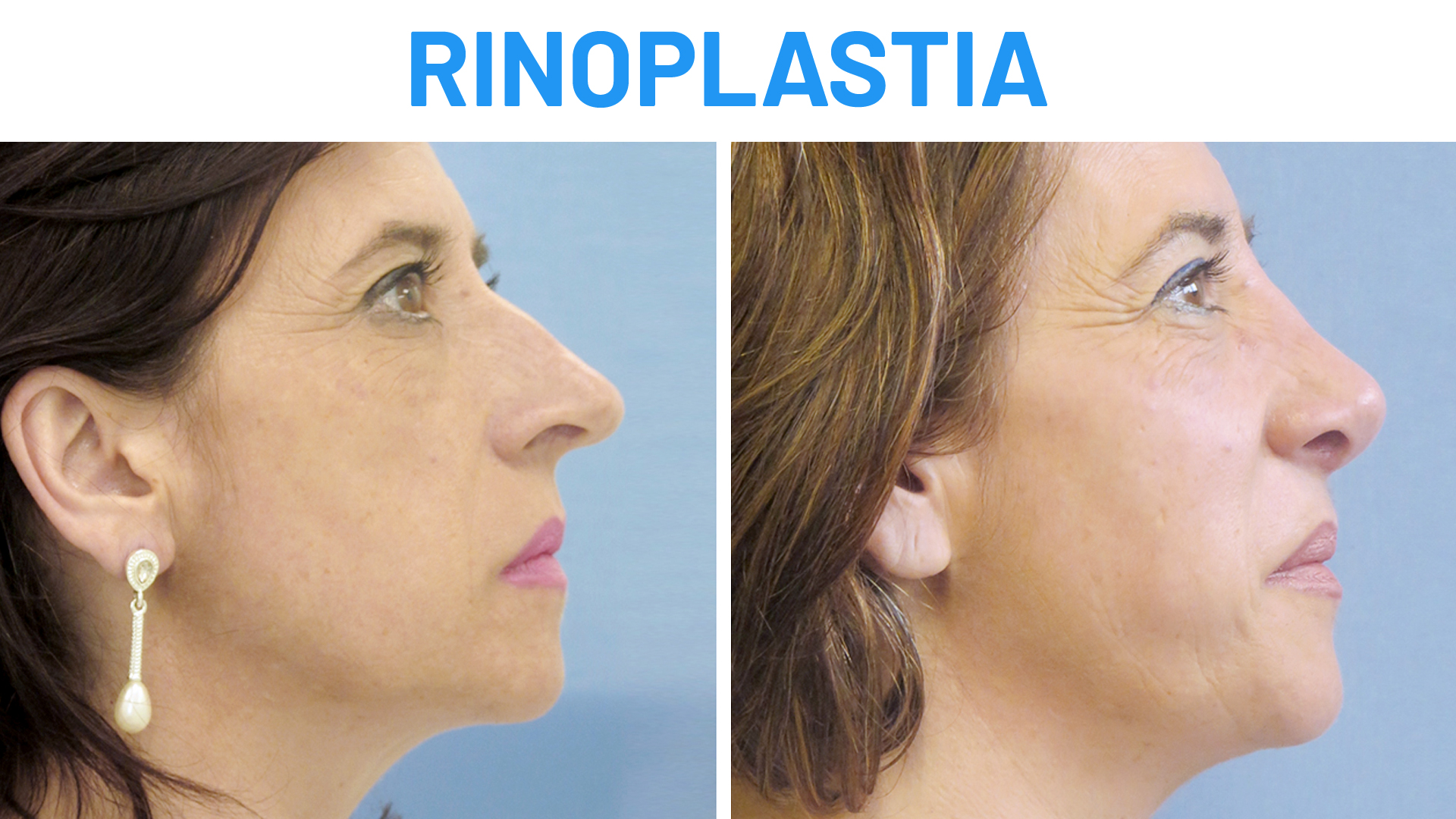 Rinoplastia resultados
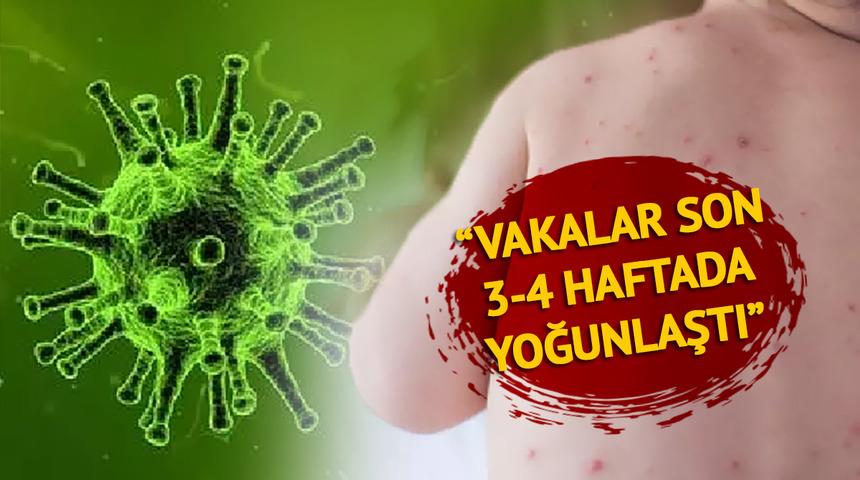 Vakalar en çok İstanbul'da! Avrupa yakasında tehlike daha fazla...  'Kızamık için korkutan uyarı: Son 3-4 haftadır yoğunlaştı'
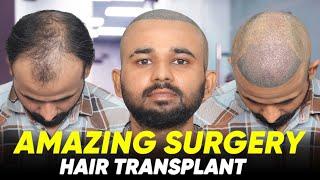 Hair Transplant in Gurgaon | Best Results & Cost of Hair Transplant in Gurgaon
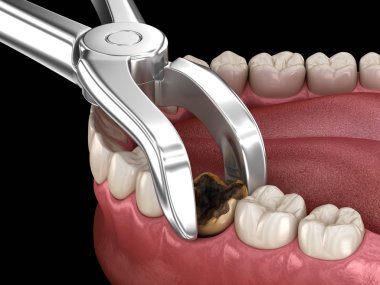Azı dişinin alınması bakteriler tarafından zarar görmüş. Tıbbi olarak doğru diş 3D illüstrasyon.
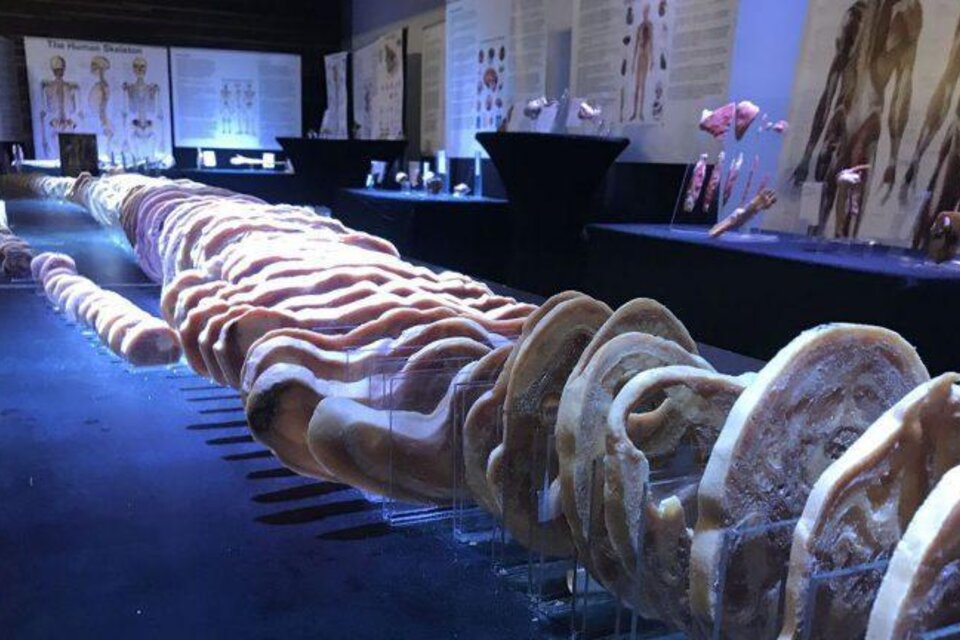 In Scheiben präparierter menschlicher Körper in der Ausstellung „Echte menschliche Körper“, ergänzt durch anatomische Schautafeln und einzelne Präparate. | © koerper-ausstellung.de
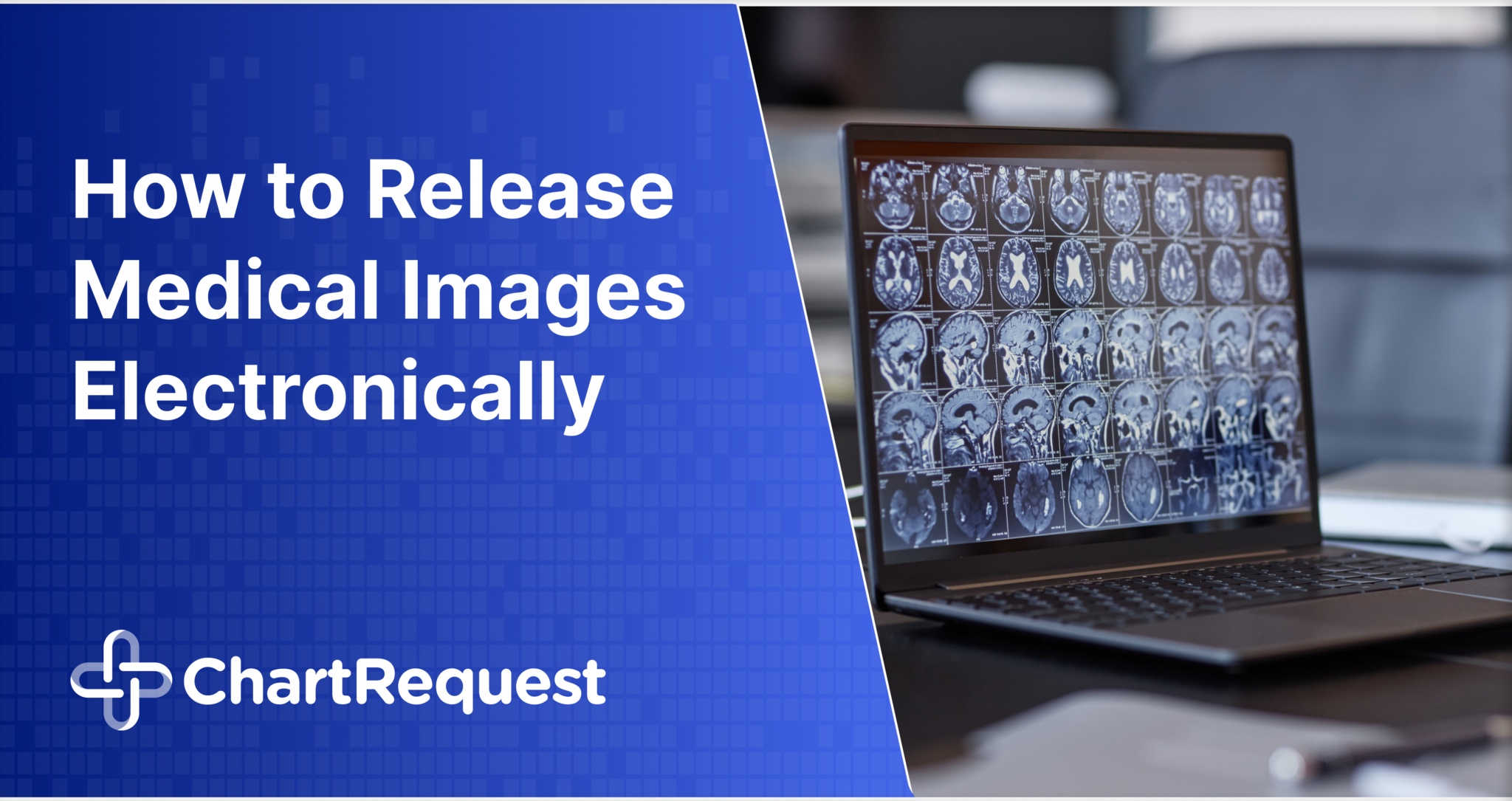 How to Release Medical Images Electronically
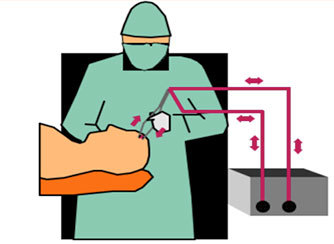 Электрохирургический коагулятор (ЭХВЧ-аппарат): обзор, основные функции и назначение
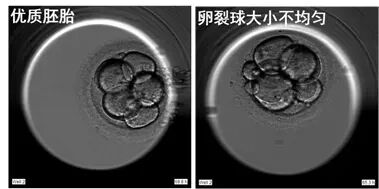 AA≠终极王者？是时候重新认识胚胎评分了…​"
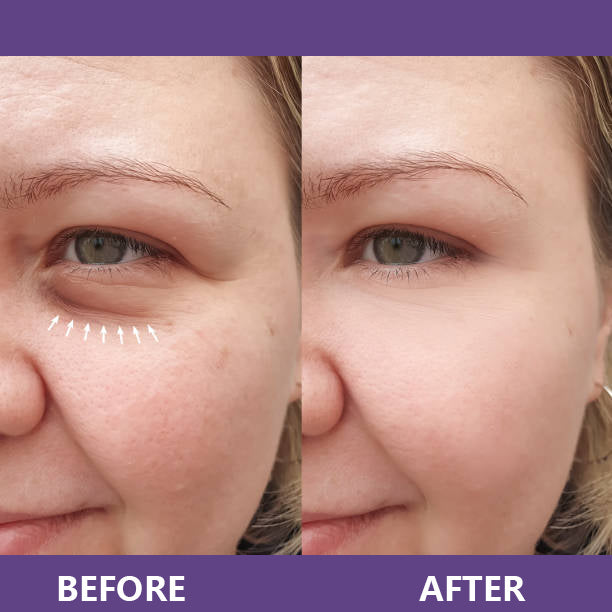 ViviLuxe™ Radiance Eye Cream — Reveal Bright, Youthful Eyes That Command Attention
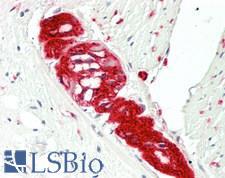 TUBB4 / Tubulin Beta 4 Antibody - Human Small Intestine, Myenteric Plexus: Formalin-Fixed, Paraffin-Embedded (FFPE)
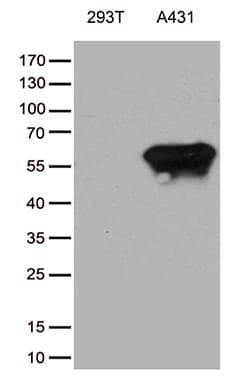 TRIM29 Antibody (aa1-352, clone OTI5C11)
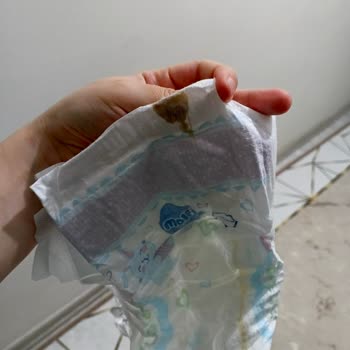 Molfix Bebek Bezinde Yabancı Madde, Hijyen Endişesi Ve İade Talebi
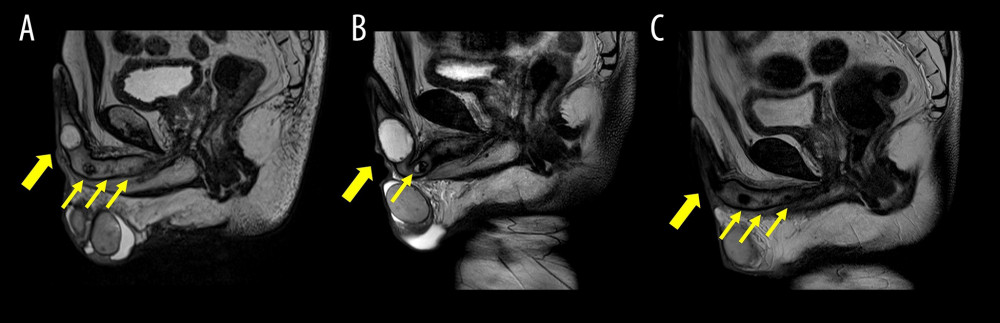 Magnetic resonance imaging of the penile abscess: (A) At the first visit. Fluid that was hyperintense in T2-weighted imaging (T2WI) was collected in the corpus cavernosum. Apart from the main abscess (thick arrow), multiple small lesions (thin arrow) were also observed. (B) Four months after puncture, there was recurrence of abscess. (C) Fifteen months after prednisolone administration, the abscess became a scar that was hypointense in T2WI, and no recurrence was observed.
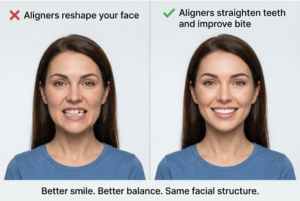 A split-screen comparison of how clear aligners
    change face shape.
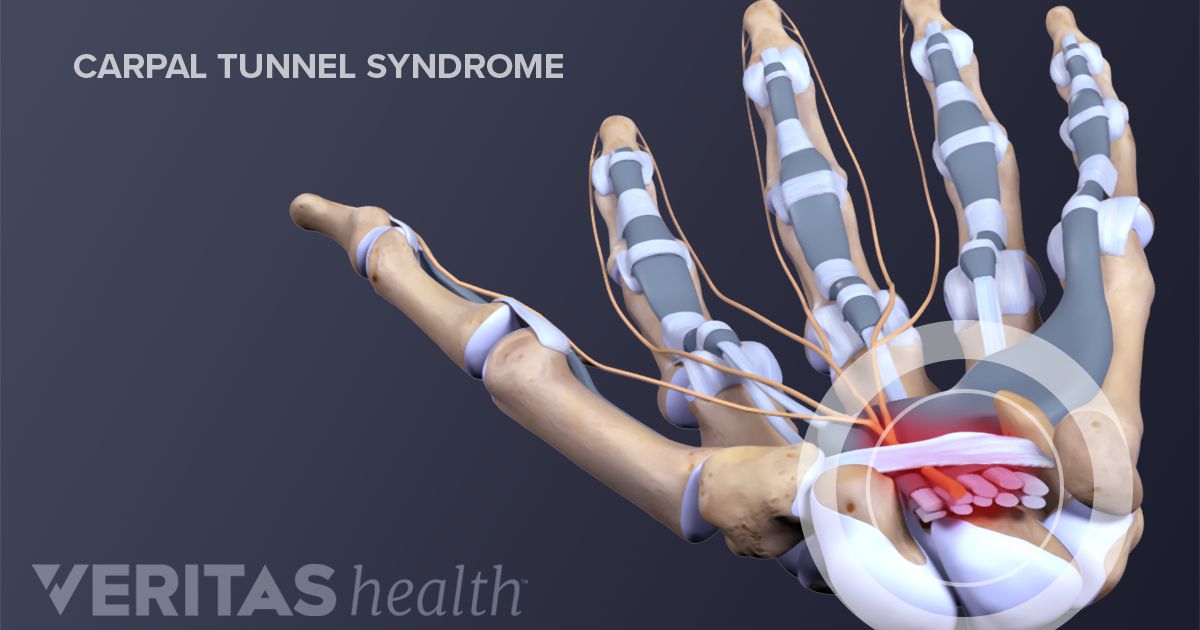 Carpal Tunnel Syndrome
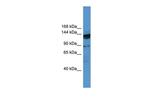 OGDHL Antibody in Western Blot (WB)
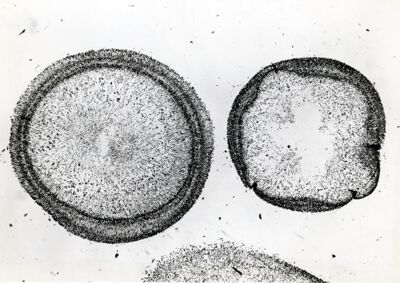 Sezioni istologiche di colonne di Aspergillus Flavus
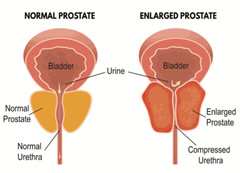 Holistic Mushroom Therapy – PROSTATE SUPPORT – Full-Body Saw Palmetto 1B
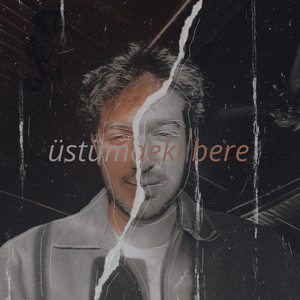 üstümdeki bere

* * * * *

:: WHAT IS NEEDED ::
Going by the data above, give back only the lines from the one containing "How to Release Medical Images Electronically" through the one containing "Molfix Bebek Bezinde", exactly as they stand, both ends included and no images.

:: FINISHED TASK ::
 How to Release Medical Images Electronically
 Электрохирургический коагулятор (ЭХВЧ-аппарат): обзор, основные функции и назначение
 AA≠终极王者？是时候重新认识胚胎评分了…​"
 ViviLuxe™ Radiance Eye Cream — Reveal Bright, Youthful Eyes That Command Attention
 TUBB4 / Tubulin Beta 4 Antibody - Human Small Intestine, Myenteric Plexus: Formalin-Fixed, Paraffin-Embedded (FFPE)
 TRIM29 Antibody (aa1-352, clone OTI5C11)
 Molfix Bebek Bezinde Yabancı Madde, Hijyen Endişesi Ve İade Talebi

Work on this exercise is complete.